The results presented in Table 3 show that CCl4 was found to significantly elevate the levels of ALP, ALT, LHD and AST to concentrations that are two-, ten-, two and a half-, three and a half-, six- and thirty-fold their normal values, respectively. In addition, the combination of melatonin and folic acid was found to significantly restore the concentrations of both ALP and LDH to their baseline concentrations. Although the individual treatments with melatonin or folic acid did not normalize the concentrations of ALT and AST to the values observed in the control group, they did significantly decrease the concentrations of these enzymes compared to that observed in the CCl4-group (Table 3).

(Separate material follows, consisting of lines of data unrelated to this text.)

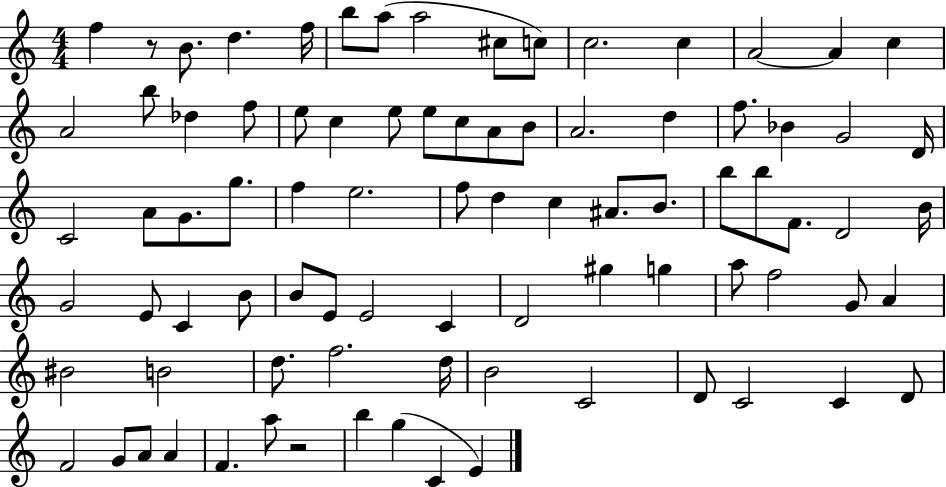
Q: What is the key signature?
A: C major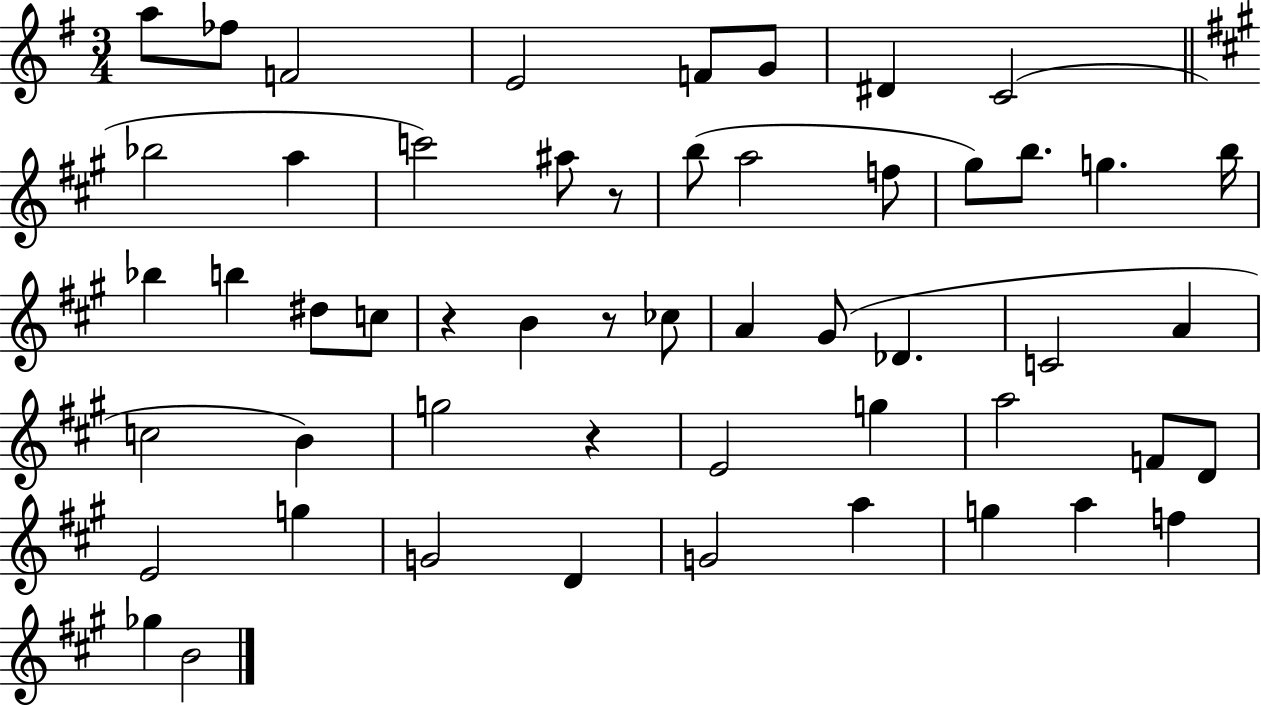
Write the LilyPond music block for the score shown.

{
  \clef treble
  \numericTimeSignature
  \time 3/4
  \key g \major
  \repeat volta 2 { a''8 fes''8 f'2 | e'2 f'8 g'8 | dis'4 c'2( | \bar "||" \break \key a \major bes''2 a''4 | c'''2) ais''8 r8 | b''8( a''2 f''8 | gis''8) b''8. g''4. b''16 | \break bes''4 b''4 dis''8 c''8 | r4 b'4 r8 ces''8 | a'4 gis'8( des'4. | c'2 a'4 | \break c''2 b'4) | g''2 r4 | e'2 g''4 | a''2 f'8 d'8 | \break e'2 g''4 | g'2 d'4 | g'2 a''4 | g''4 a''4 f''4 | \break ges''4 b'2 | } \bar "|."
}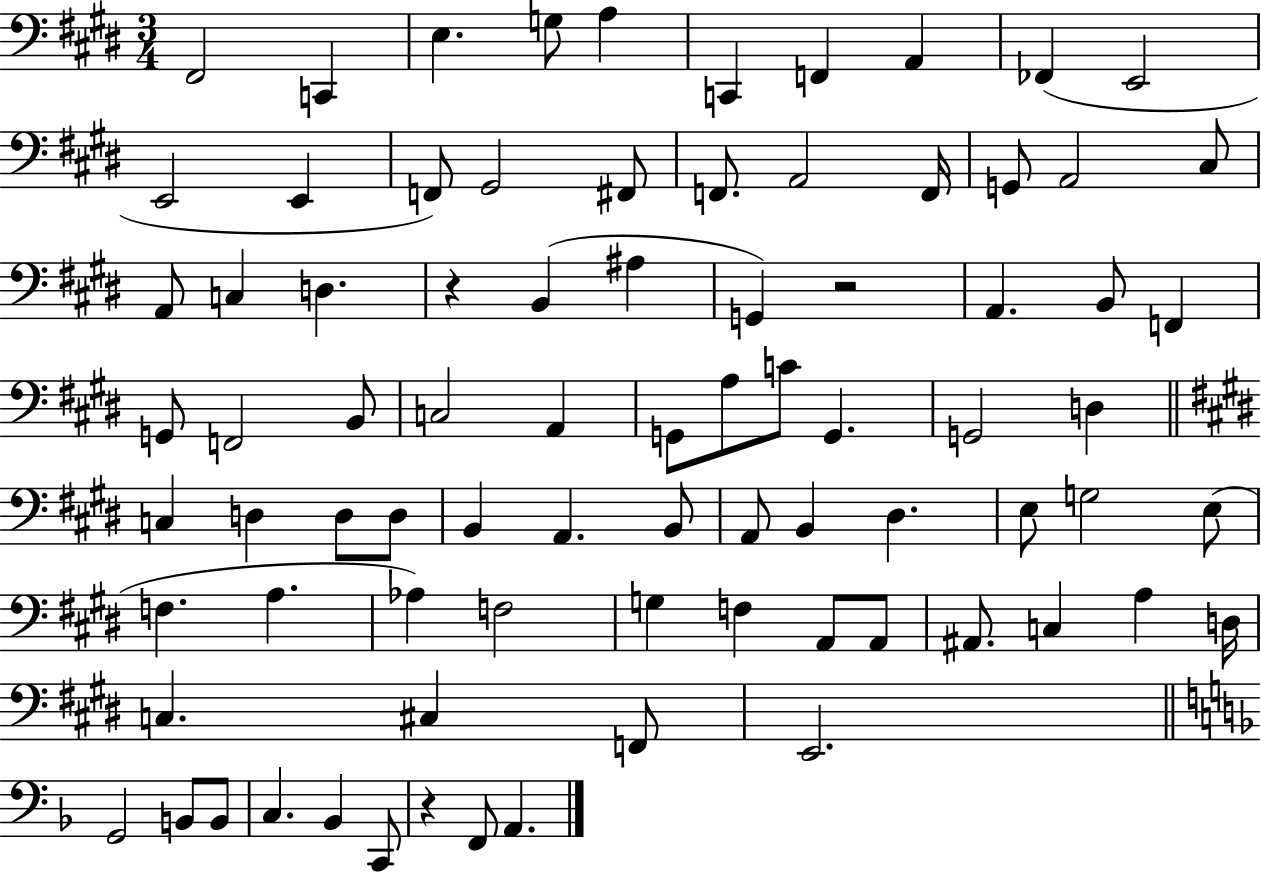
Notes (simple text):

F#2/h C2/q E3/q. G3/e A3/q C2/q F2/q A2/q FES2/q E2/h E2/h E2/q F2/e G#2/h F#2/e F2/e. A2/h F2/s G2/e A2/h C#3/e A2/e C3/q D3/q. R/q B2/q A#3/q G2/q R/h A2/q. B2/e F2/q G2/e F2/h B2/e C3/h A2/q G2/e A3/e C4/e G2/q. G2/h D3/q C3/q D3/q D3/e D3/e B2/q A2/q. B2/e A2/e B2/q D#3/q. E3/e G3/h E3/e F3/q. A3/q. Ab3/q F3/h G3/q F3/q A2/e A2/e A#2/e. C3/q A3/q D3/s C3/q. C#3/q F2/e E2/h. G2/h B2/e B2/e C3/q. Bb2/q C2/e R/q F2/e A2/q.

Table 3. Plasma concentrations of liver enzymes, lipids, total protein, bilirubin and urea from the control and the different groups

Effect of combination of melatonin and folic acid on CCl4 induced lipid profile

The cardiovascular risk indices were significantly elevated as a result of CCl4-induced hepatic injury, and treatment with melatonin and folic acid restored these indices. In addition, we found that CCl4 significantly elevated the concentrations of total cholesterol, LDL cholesterol and triglycerides. However, melatonin, folic acid and the combination of these two treatments significantly restored the concentration of these parameters to that measured in the control group. Interestingly, HDL was found to be significantly reduced by the CCl4 challenge, a decrease that was not observed when the animals received any of the three treatments (Table 3).

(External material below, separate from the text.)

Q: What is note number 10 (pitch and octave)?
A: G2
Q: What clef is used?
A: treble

Effects of melatonin and folic acid on CCl4-induced concentration of total protein, bilirubin and urea

The results revealed that CCl4 significantly decreased the concentration of total protein in the serum. Treatment with either melatonin or folic acid individually failed to restore the normal concentration of total protein. However, the synergistic combination of folic acid and melatonin was uniquely able to restore the concentration of total protein to a value that is close to that measured in the control group. Unlike its effect on the total protein concentration, the amounts of bilirubin and urea in the serum of CCl4-challenged rats was two and one and a half-fold higher than the concentration in the serum of control rats. We generally observed that the treatments with melatonin or with the combination of melatonin and folic acid were better able to restore the concentrations of these two parameters than treatment with folic acid (Table 3).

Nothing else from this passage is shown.